The reluctance is based on a prima facie view that there was some merit in attempting in a way that was not too risky to stage in tranches the hearing of what would otherwise be a significant factual appeal.
However, I think looking at the matter in the round, as it were, and taking a cautious view as to what can go wrong in these kinds of matters where separation occurs, I think it would be wisest not to separate out issues.
That being the case, the next question is whether the appeal should be staged in a way that ensures that preparation only occurs when it has to. The list of the Court is such that the Court can accommodate an all-issue appeal in March. That, in the ordinary course, with current procedures, would lead to the judges dealing with the matter being given sufficient time promptly after the appeal to write the appeal judgments.
I am, therefore, confident as far as I can be that if the appeal is heard in March, parties, with all likelihood, would have their Court of Appeal judgment by the end of June, if not sometime in mid July.
In those circumstances the advantages of a staged appeal are somewhat attenuated.
As I said I have some attraction to the staged appeal, but on listening to all the arguments I think the risks of separation and extension of the overall hearing time of the case, should various eventualities occur in terms of any appeal from a Court of Appeal decision, make the risks sufficiently strong to balance against the more adventurous course of staging the hearing of the appeal.

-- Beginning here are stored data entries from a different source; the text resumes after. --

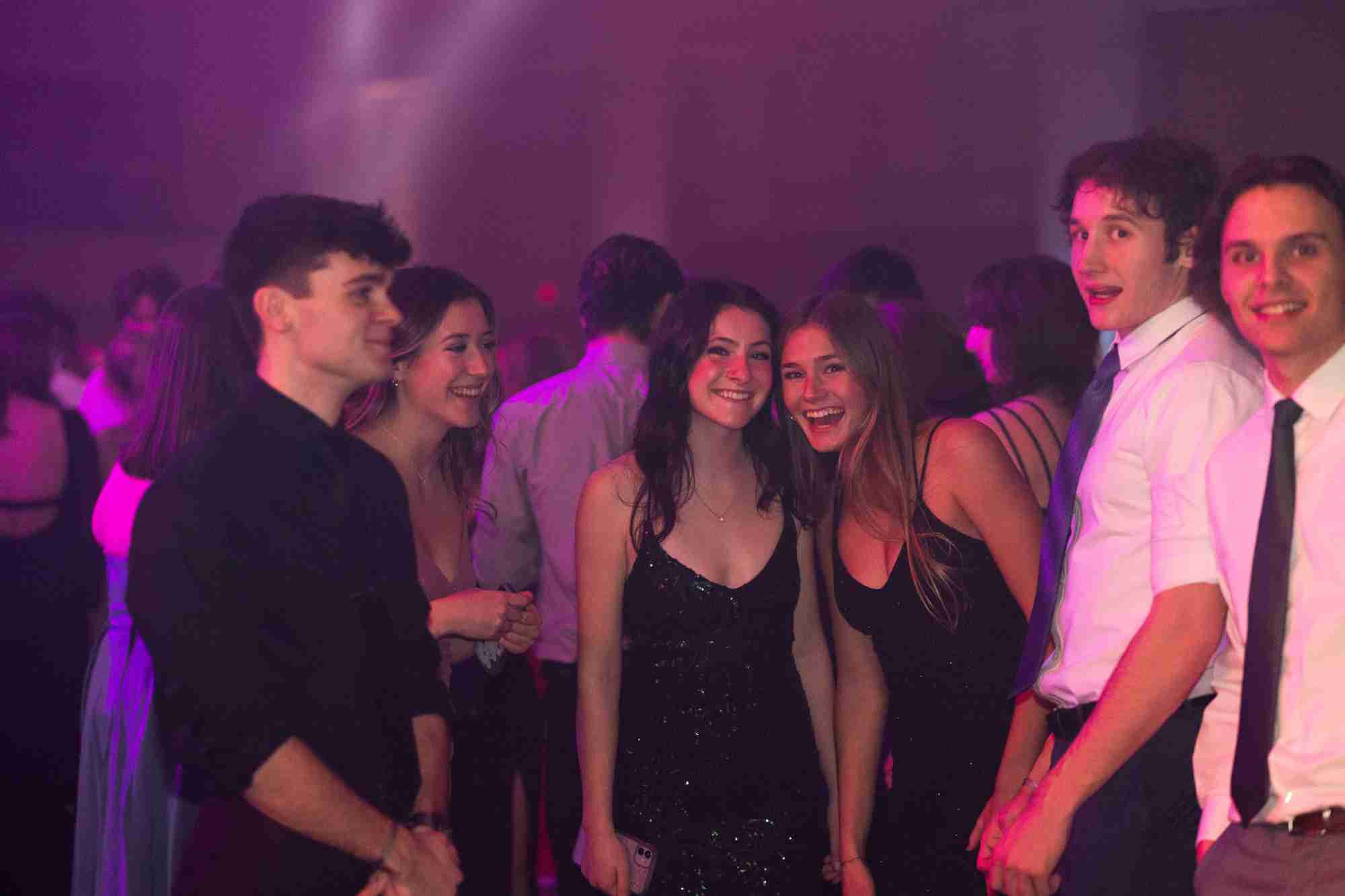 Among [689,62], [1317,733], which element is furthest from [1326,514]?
[689,62]

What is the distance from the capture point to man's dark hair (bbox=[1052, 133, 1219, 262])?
2107mm

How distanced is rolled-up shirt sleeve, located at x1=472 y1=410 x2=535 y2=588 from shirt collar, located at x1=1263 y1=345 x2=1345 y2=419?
2.05 metres

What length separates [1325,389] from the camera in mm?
1635

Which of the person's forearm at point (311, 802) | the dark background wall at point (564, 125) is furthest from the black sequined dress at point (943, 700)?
the dark background wall at point (564, 125)

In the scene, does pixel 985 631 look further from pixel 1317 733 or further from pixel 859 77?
pixel 859 77

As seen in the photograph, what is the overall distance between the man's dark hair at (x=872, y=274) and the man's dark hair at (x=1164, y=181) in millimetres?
1772

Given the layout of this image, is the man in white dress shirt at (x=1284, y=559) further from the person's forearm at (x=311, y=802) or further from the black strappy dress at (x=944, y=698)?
the person's forearm at (x=311, y=802)

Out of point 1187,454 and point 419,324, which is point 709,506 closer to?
point 419,324

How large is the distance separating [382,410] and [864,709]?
1176mm

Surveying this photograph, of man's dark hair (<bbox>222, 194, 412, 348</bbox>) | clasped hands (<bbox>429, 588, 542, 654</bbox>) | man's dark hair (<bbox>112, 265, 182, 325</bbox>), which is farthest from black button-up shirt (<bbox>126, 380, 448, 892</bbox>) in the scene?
man's dark hair (<bbox>112, 265, 182, 325</bbox>)

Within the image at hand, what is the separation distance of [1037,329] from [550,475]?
1.30m

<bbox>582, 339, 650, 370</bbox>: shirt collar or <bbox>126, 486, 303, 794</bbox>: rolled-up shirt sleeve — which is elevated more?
<bbox>582, 339, 650, 370</bbox>: shirt collar

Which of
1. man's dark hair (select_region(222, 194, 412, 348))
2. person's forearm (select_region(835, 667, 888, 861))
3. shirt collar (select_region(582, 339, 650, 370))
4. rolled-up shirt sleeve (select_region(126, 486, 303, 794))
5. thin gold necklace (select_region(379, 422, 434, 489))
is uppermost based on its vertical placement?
man's dark hair (select_region(222, 194, 412, 348))

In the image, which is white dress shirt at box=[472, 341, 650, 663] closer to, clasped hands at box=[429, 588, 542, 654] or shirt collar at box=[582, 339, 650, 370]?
shirt collar at box=[582, 339, 650, 370] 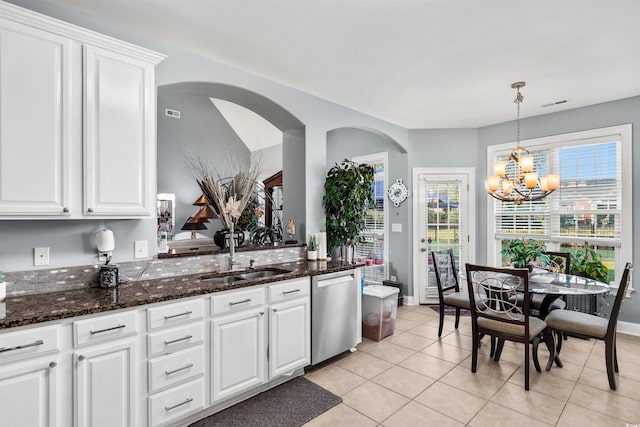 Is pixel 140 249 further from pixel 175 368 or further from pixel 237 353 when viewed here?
pixel 237 353

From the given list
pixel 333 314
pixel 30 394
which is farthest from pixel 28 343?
pixel 333 314

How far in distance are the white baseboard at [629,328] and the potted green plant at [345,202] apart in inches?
126

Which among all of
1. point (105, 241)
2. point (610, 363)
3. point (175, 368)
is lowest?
point (610, 363)

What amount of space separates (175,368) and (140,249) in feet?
3.04

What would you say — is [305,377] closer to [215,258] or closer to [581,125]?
[215,258]

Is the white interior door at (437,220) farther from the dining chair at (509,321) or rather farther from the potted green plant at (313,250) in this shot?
the potted green plant at (313,250)

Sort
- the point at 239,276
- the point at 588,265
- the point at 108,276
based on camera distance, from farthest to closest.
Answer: the point at 588,265
the point at 239,276
the point at 108,276

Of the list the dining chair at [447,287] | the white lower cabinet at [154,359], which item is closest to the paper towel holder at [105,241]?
the white lower cabinet at [154,359]

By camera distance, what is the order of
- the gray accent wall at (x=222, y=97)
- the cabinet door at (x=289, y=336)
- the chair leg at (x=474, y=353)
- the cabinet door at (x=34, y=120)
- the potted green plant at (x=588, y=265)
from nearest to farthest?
the cabinet door at (x=34, y=120)
the gray accent wall at (x=222, y=97)
the cabinet door at (x=289, y=336)
the chair leg at (x=474, y=353)
the potted green plant at (x=588, y=265)

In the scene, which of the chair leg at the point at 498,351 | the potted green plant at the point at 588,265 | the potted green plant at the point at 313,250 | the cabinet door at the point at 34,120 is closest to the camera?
the cabinet door at the point at 34,120

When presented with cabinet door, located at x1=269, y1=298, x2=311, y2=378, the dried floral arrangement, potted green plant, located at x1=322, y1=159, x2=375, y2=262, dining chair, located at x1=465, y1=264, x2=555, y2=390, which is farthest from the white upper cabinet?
dining chair, located at x1=465, y1=264, x2=555, y2=390

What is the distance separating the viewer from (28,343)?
61.9 inches

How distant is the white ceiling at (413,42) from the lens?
2.18 m

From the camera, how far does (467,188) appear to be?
504 centimetres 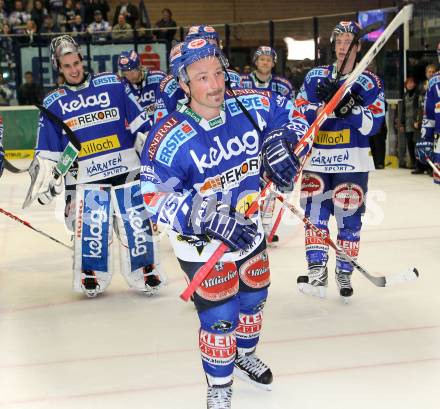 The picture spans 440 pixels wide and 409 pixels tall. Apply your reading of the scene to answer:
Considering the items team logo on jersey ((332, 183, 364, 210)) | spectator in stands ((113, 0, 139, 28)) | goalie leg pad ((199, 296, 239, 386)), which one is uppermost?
spectator in stands ((113, 0, 139, 28))

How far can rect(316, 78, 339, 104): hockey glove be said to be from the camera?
365 centimetres

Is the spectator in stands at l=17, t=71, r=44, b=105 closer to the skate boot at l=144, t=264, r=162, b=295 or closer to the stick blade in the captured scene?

That said, I do not propose to make an order for costs of the appeal.
What I propose to do, in particular in the light of two facts, is to adjourn the question of costs of the motion to the Appeal Court.
Two reasons I do that are: first, as presently advised I will be a member of the bench. Secondly, even if I were not, the appeal bench would be in a good position, indeed perhaps a better position than I am today, to come to a view conclusively on the utility of the separate issue suggestion.
What I mean by that is as follows. The arguments for and against this suggestion for staging the appeal according to issues before me today, as I have said, have been clearly illuminated in the short clear written submissions. The debate was in short compass today and once again succinctly put by senior counsel on both sides.
The Appeal Court will be in a very good position, it seems to me, perhaps well before the appeal is completed to come to a view one way or the other about the doubts that have been thrown up about the utility of the mechanism suggested. I will refer in particular to how other matters will be argued that are said to detract from the utility of a separate hearing.
If it be the case that the matters as they are actually argued turn out to reinforce the utility of the process that was suggested it may be that, notwithstanding the motion being dismissed, an order for costs should be made conforming with the Appeal Court's views as to the utility of bringing the motion with the benefit of hindsight.
For those reasons I do not propose to separate out issues and the appeal will be called on for hearing in the days set aside in March.
I will leave the date in February not vacated until next Friday. The parties might consider whether or not there is any utility in commencing the appeal on 19 February.
There could conceivably be utility in both sides having an opportunity to address the Court for a period of time on that day to apprise the Court before the appeal proper in March as to arguments and other matters.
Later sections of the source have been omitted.